How to Scrape Dynamic Websites with Python
What are Dynamic Websites in the Context of Web Scraping?
Dynamic websites or web pages in the context of web scraping are web pages that don’t send their full content in the initial response sent to you when you request them. Some of them will present the static section of the page such as the header and footer in the first response. The main content will then be loaded using Javascript (AJAX) which is either done automatically or because of your interaction with the page.
Because of Javascript involvement, you can’t access these pages without Javascript as they will return a blank response or request you turn on Javascript execution. This means if you are in the business of turning off Javascript in other to avoid tracking, you can’t do that with dynamic websites. At first, this looks like a bad thing but from a user point of view, this is great for user experience as it saves bandwidth and they don’t have to wait until a page loads completely before they can start interacting with it.
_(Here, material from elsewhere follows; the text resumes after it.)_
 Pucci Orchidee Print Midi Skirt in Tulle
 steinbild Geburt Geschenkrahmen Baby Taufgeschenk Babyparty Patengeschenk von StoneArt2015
Unfortunately, while this is great for the users, it is a pain for web scrapers. This is because web scrapers have been traditionally developed to scrape static pages that the HTML contains the full page content on load. These traditional web scrapers can’t scrape dynamic pages with the traditional approach — you need a dynamic scraping method for dynamic pages.
Ways to Scrape Dynamic Pages with Python
Most times, when scraping dynamic pages with Python is mentioned, the minds of most scraper developers will race to Selenium and its likes such as Puppeteer and Playwright. Sure these tools work, but they are not an easy option for you in terms of development and they have their performance issues. There is another method you should first utilize known as the reverse engineering approach. It is when this does not work you can switch to using Selenium. In essence, there are two ways you can scrape dynamic content with Python. Either you use reverse engineering or you use Selenium or an alternative. Let's take a look at how to do each of these.
Method 1: Reverse Engineering
There should be a standard name for this procedure but since I didn’t see one, I had to resort to using this name as that is the best term to describe it. What reverse engineering does is it tries to decode and discover all the web requests sent by the Javascript code of the page which returns the content as a response. Something interesting happens behind the scenes that is responsible for the dynamic nature of dynamic web pages. This interesting thing is requests are being sent to the server to retrieve the content that wasn’t sent initially.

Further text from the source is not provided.